Thursday, June 14, 2007

Fish Tales

I love adventure stories, and the stories set around fishing often offer some of the best possibilities for adventure and for philosophy. What is it about fishing that leads so easily to reverie? Any visitors have some favourite fishing novels or adventure stories?
When he had finished running the line he was on the other side of the river. He rebaited the last drop and let the heavy cord go, watching it sink in the muddy water among a spangled nimbus of sunmotes, a broken corona up through which flared for a moment the last pale chuck of rancid meat. Shifting the oars aboard he sprawled himself over the seats again to take the sun. The skiff swung gently, drifting in the current.
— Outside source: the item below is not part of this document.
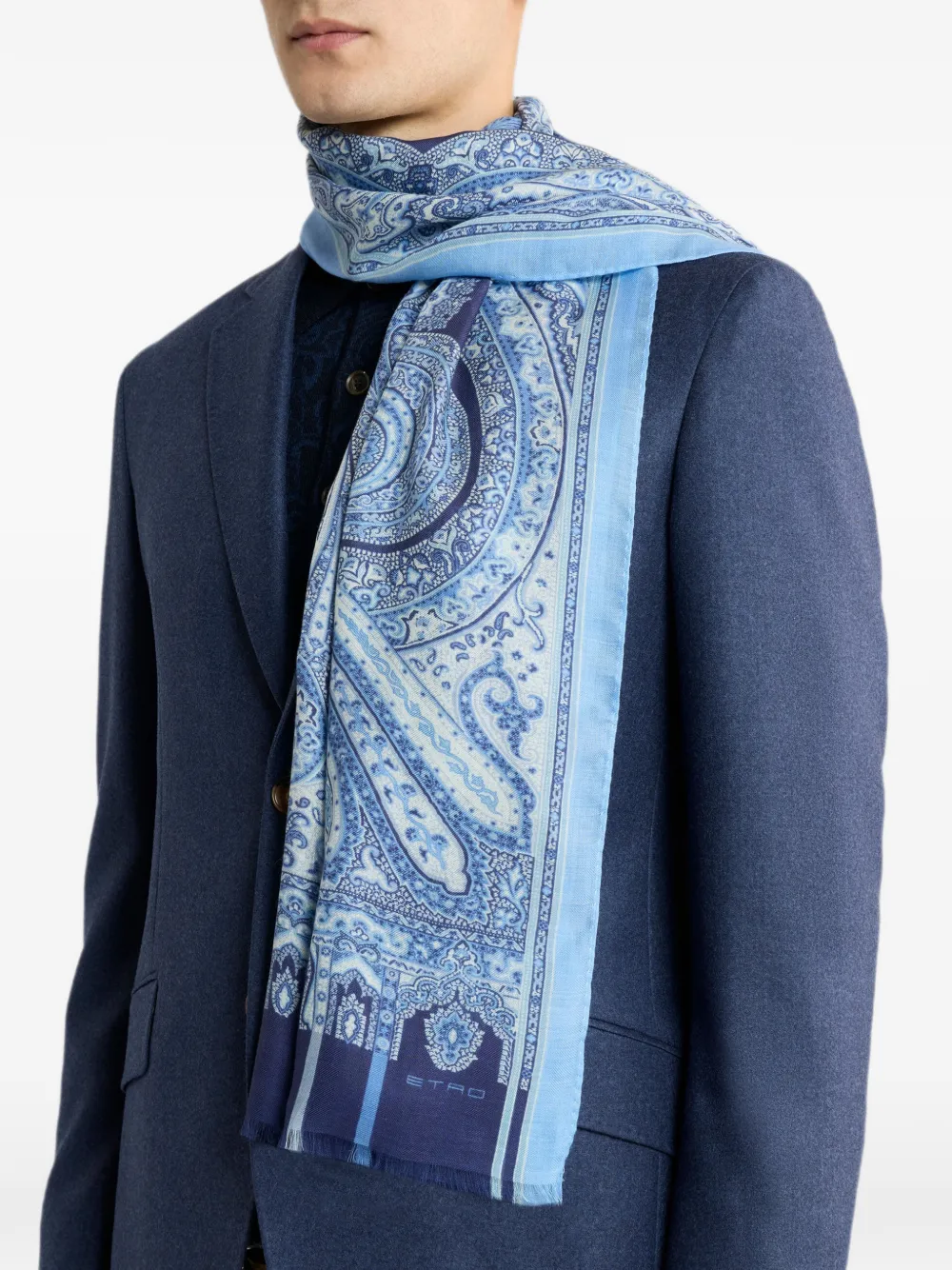 ETRO Kasjmier sjaal met chevron-streep en paisley-patroon Blauw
He undid his shirt to the waist and put one forearm to his eyes. He could hear the river talking softly beneath him, heavy old river with wrinkled face. Beneath the sliding water cannons and carriages, trunnions seized and rusting in the mud, keelboats rotted to the consistency of mucilage. Fabled sturgeons with their horny pentagonal bodies, the cupreous and dacebright carp and catfish with their pale and spruless underbellies, a thick muck shot with broken glass, with bones and rusted tins and bits of crockery reticulate with mudblack crazings. From Suttree by Cormac McCarthy, 1969.
Stone-age hook made from bone found in Skane, Sweden.


2 comments:

Anonymous said...

Candy Candy! Add "Notes From a Sea Diary" by Chicago's greatest son, Nelson Algren.

mister anchovy said...

The River Why is a delight - I almost forgot about that book. My personal favourite books about fishing are Trout Madness by Robert Traver and Trout by Ray Bergman.